**Problem:**
Return only what runs from the line containing "Adopt Battersby - Adoption" through the last line of the entries below, exactly, omitting pictures.

┌──

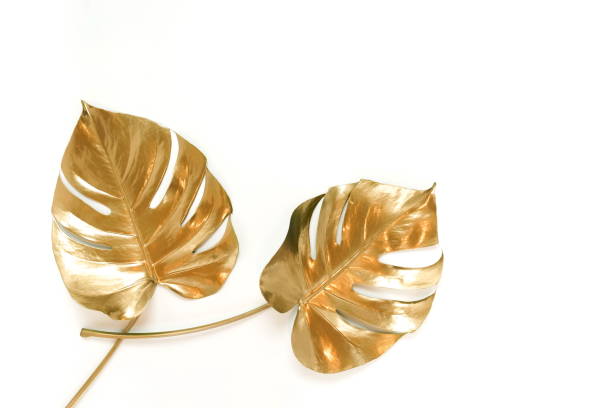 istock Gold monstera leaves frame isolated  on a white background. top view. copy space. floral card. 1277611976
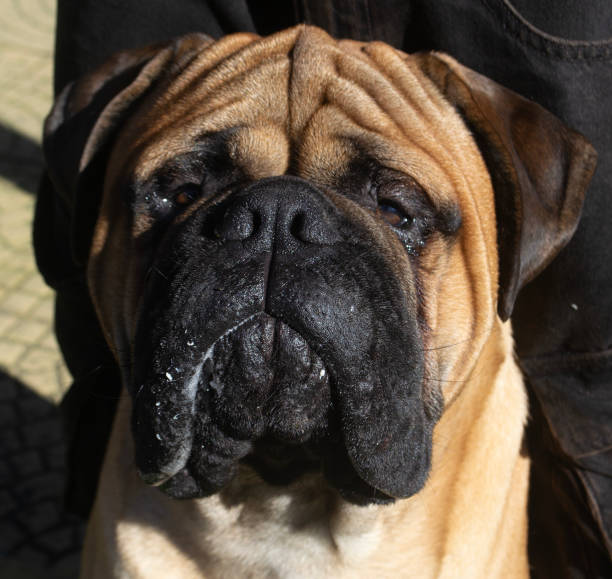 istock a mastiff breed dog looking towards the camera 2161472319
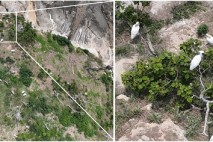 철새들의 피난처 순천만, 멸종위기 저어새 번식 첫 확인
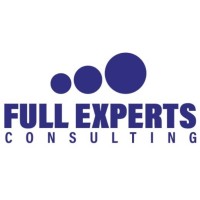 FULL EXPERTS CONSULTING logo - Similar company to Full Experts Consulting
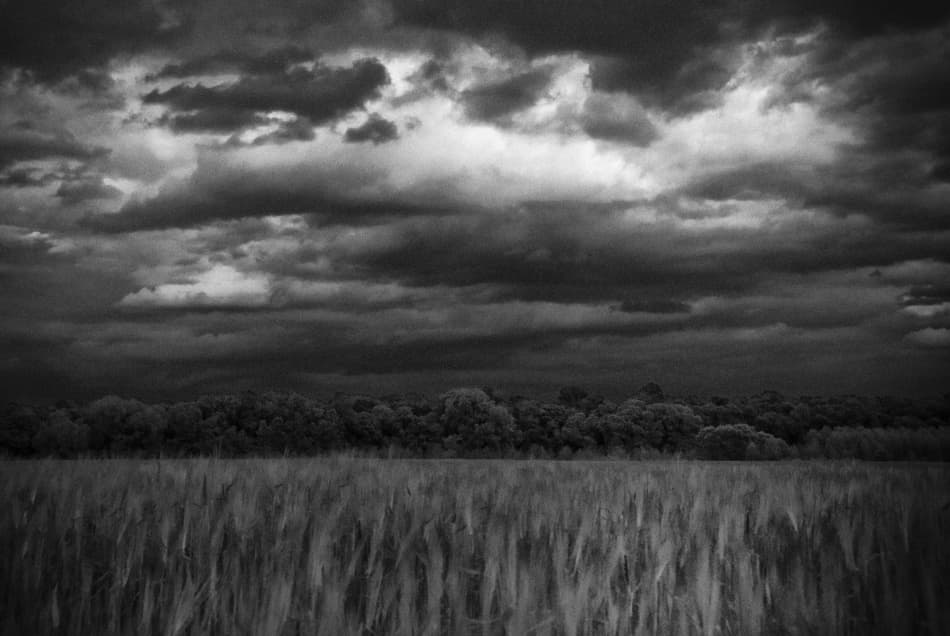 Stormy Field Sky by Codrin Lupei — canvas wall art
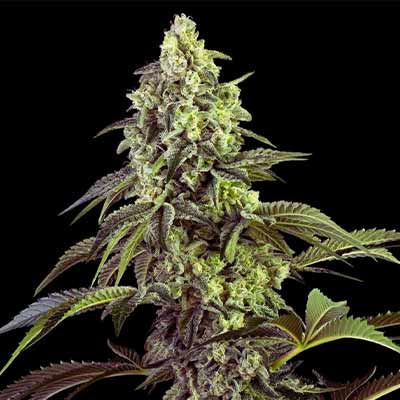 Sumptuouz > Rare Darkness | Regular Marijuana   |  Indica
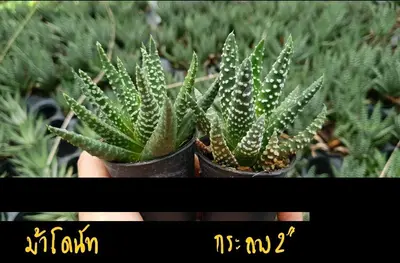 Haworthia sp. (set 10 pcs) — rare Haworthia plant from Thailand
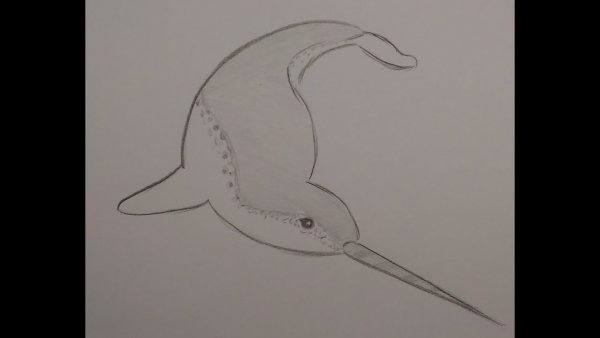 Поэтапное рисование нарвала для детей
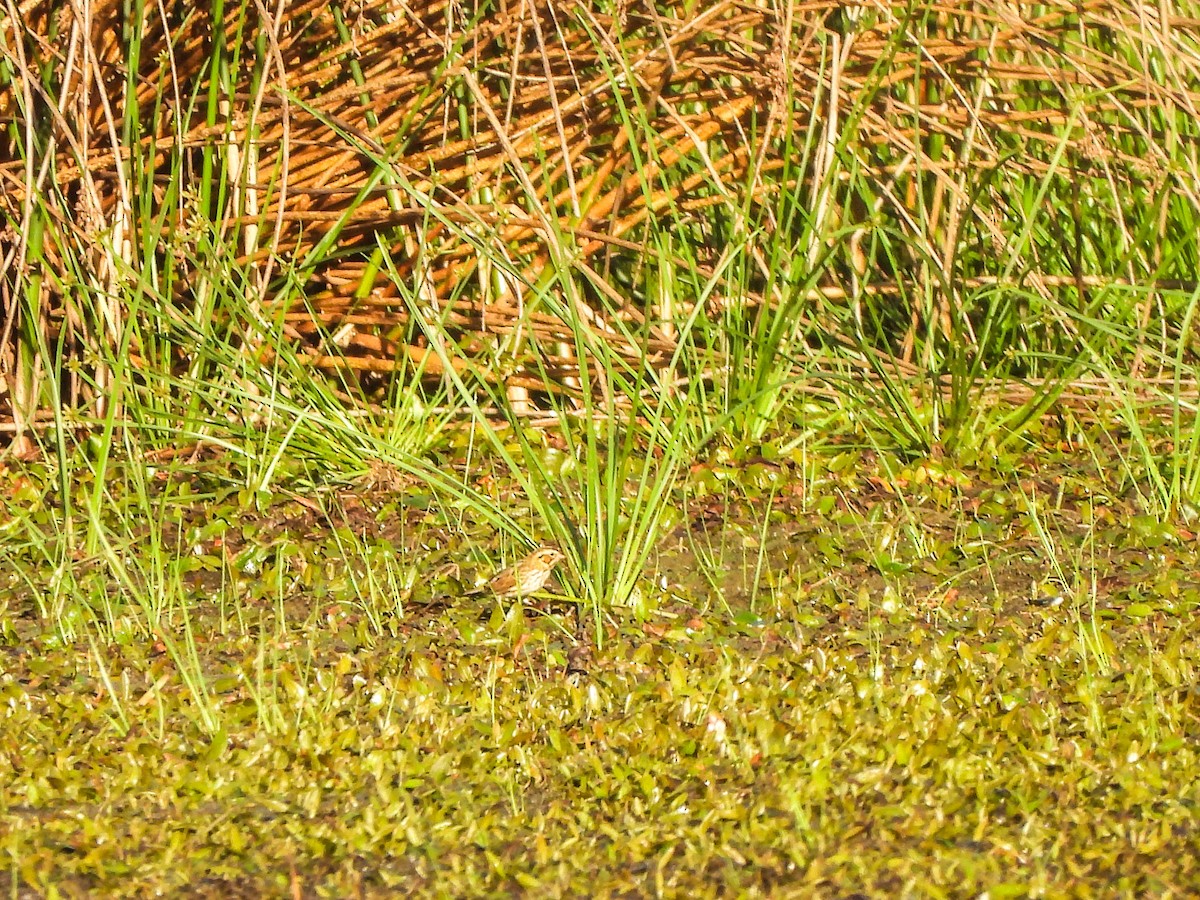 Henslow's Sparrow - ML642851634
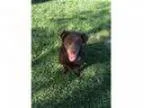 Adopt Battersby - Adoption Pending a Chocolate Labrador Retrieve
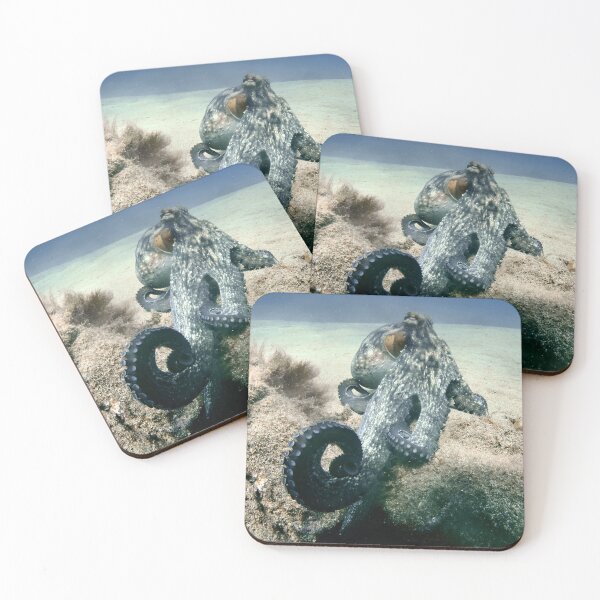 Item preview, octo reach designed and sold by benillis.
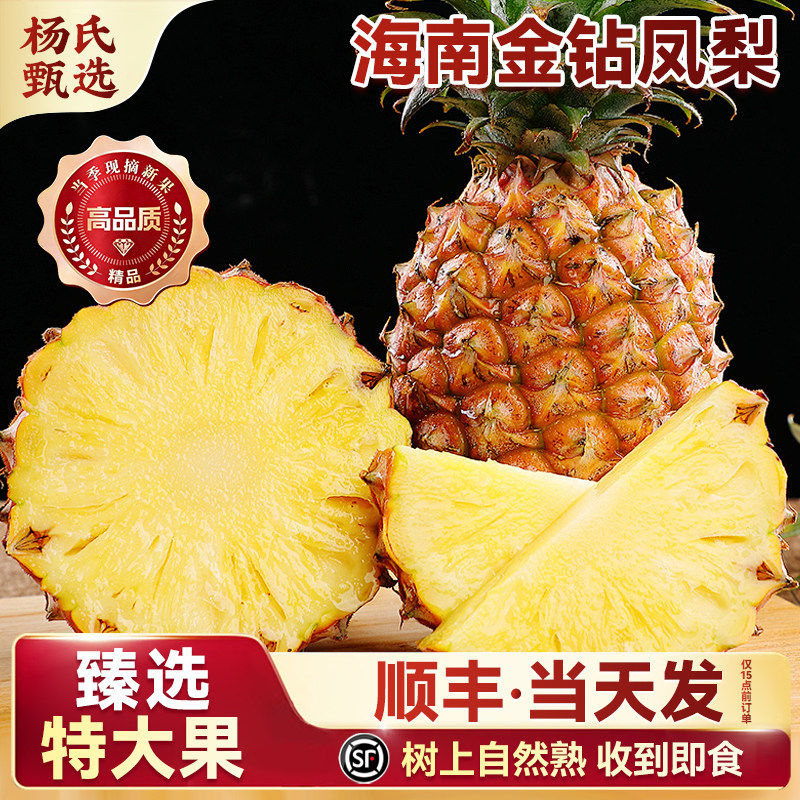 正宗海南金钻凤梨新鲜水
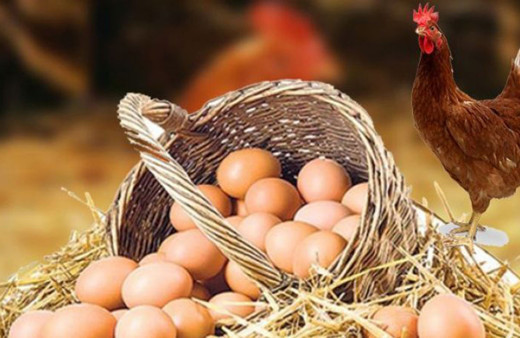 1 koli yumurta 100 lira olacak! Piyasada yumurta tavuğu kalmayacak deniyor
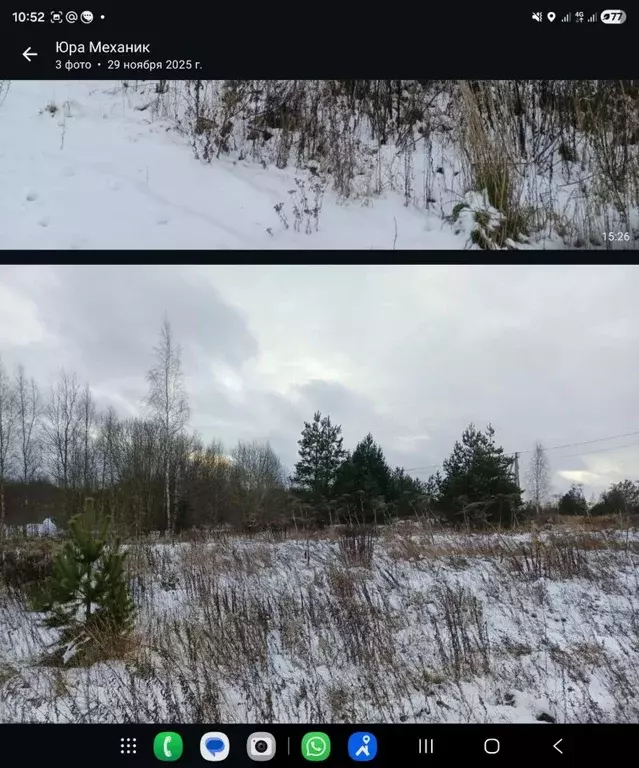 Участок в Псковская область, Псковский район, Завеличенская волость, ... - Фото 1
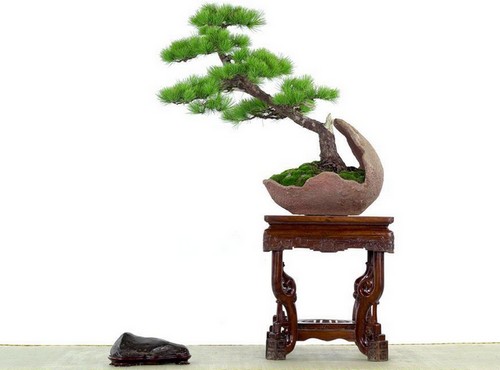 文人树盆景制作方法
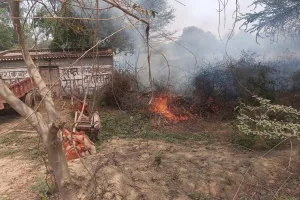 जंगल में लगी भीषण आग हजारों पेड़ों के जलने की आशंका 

└──

**Written reply:**
 Adopt Battersby - Adoption Pending a Chocolate Labrador Retrieve
 Item preview, octo reach designed and sold by benillis.
 正宗海南金钻凤梨新鲜水
 1 koli yumurta 100 lira olacak! Piyasada yumurta tavuğu kalmayacak deniyor
 Участок в Псковская область, Псковский район, Завеличенская волость, ... - Фото 1
 文人树盆景制作方法
 जंगल में लगी भीषण आग हजारों पेड़ों के जलने की आशंका 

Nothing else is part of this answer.